Led by returning son Markus Rosenberg, Malmö FF became the first side to retain the title for over a decade while IF Elfsborg lifted silverware elsewhere this season.

Markus Rosenberg inspired Malmö with 14 goals in the league
Markus Rosenberg inspired Malmö with 14 goals in the league ©AFP/Getty Images

Malmö FF managed the rare feat of defending a Swedish title, wrapping things up with three league rounds remaining to win back-to-back championships. Chasing a first title since 2007, IFK Göteborg had to make do with second spot, ending above AIK Solna who looked the main threat to Malmö's crown for much of the season, while IF Elfsborg won the Swedish Cup for a third time.

Champions: Malmö FF
Before this season no side had managed to win successive league titles since Djurgårdens IF's pair in 2002 and 2003 but Malmö proved that it could still be done.
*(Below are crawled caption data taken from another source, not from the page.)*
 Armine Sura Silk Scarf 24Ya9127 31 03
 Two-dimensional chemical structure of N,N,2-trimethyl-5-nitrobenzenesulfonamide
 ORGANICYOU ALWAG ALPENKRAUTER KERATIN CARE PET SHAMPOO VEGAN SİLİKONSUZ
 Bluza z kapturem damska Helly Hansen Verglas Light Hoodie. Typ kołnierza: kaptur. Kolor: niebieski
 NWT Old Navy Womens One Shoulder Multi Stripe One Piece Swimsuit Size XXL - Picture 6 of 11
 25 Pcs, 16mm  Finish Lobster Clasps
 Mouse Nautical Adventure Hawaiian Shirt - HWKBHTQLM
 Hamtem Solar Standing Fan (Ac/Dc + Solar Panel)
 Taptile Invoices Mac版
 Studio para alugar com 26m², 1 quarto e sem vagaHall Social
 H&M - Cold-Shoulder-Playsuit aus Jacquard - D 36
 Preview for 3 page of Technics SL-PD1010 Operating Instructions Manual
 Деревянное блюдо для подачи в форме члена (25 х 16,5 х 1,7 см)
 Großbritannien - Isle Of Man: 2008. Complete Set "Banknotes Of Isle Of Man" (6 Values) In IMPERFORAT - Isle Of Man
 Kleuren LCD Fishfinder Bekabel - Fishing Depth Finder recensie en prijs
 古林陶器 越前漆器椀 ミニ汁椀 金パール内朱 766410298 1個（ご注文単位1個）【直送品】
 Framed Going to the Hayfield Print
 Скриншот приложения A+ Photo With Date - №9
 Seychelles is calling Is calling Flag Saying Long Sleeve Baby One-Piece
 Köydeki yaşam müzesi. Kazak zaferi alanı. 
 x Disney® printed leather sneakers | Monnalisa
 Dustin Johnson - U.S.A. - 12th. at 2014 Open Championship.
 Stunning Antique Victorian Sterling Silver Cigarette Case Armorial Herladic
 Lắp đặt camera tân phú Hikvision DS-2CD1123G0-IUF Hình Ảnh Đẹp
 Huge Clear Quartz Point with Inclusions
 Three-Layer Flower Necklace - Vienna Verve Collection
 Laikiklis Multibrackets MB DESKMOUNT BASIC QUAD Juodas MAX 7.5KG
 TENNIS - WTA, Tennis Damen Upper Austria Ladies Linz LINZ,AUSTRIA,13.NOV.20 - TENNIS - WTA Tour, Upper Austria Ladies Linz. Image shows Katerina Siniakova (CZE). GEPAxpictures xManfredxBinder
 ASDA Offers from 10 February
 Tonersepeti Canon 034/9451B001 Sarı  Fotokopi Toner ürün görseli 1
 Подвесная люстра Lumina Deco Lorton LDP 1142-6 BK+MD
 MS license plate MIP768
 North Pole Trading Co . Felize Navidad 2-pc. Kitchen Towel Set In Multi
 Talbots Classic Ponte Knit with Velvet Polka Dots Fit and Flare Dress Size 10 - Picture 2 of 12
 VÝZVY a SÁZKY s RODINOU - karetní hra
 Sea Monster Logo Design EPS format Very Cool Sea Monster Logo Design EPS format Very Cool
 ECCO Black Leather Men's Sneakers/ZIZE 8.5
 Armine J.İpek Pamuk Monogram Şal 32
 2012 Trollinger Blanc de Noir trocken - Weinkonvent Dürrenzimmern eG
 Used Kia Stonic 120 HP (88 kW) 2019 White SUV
Midway through the season coach Åge Hareide saw his team lose key players like Simon Thern and Guillermo Molins to long-term injuries as well as Miiko Albornoz who was sold to Hannover 96, but the vacancies were filled formidably by new recruits Enock Adu, Isaac Kiese Thelin and Anton Tinnerholm.

There were many big performers for the club but all were overshadowed by prodigal son Markus Rosenberg, who scored 14 and provided 15 assists after re-signing for his boyhood club from West Bromwich Albion FC in February. "It's about timing. You need to be free from injuries when you get back," Rosenberg told the current issue of Champions Matchday. "You cannot be too old and there needs to be room for you. That was all the case here for me. I came into a team that had already won the Allsvenskan."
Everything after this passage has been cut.